My Brooklyn: Demystifying Gentrification

My Brooklyn is a documentary about Director Kelly Anderson’s personal journey, as a Brooklyn “gentrifier,” to understand the forces reshaping her neighborhood along lines of race and class.

Two screenings – FREE

Wednesday evening, February 17 at 6:00pm at the Champaign Public Library
followed by a community panel to discuss recent development trends in C-U.

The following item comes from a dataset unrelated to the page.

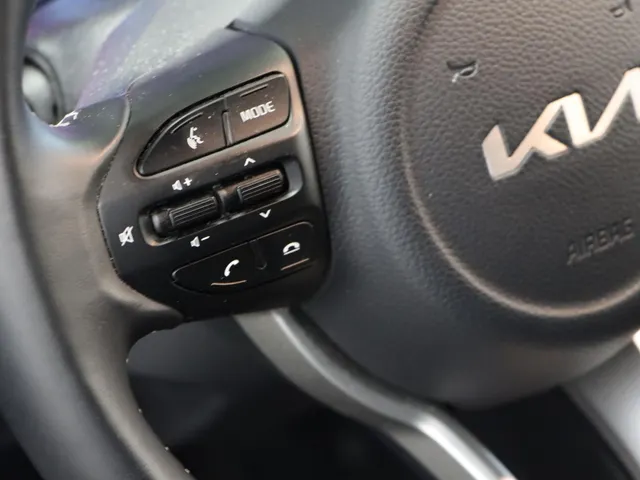 Kia Picanto 1.0 DPi DynamicPlusLine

Thursday, February 18th at 7:30 p.m. in Plym Auditorium, Temple Buell Hall
followed by Q&A with film director.

Find out more about the film here.

My Brooklyn is a documentary about Director Kelly Anderson’s personal journey, as a Brooklyn “gentrifier,” to understand the forces reshaping her neighborhood along lines of race and class. The story begins when Anderson moves to Brooklyn in 1988, lured by cheap rents and bohemian culture. By Michael Bloomberg’s election as mayor in 2001, a massive speculative real estate boom is rapidly altering the neighborhoods she has come to call home. She watches as an explosion of luxury housing and chain store development spurs bitter conflict over who has a right to live in the city and to determine its future. While some people view these development patterns as ultimately revitalizing the city, to others, they are erasing the eclectic urban fabric, economic and racial diversity, creative alternative culture, and unique local economies that drew them to Brooklyn in the first place. It seems that no less than the city’s soul is at stake.

Meanwhile, development officials announce a controversial plan to tear down and remake the Fulton Mall, a popular and bustling African-American and Caribbean commercial district just blocks from Anderson’s apartment. She discovers that the Mall, despite its run-down image, is the third most profitable shopping area in New York City with a rich social and cultural history. As the local debate over the Mall’s future intensifies, deep racial divides in the way people view neighborhood change become apparent. All of this pushes Anderson to confront her own role in the process of gentrification, and to investigate the forces behind it more deeply.

She meets with government officials, urban planners, developers, advocates, academics, and others who both champion and criticize the plans for Fulton Mall. Only when Anderson meets Brooklyn-born and raised scholar Craig Wilder, though, who explains his family’s experiences of neighborhood change over generations, does Anderson come to understand that what is happening in her neighborhoods today is actually a new chapter in an old American story. The film’s ultimate questions become how to heal the deep racial wounds embedded in our urban development patterns, and how citizens can become active in fixing a broken planning process.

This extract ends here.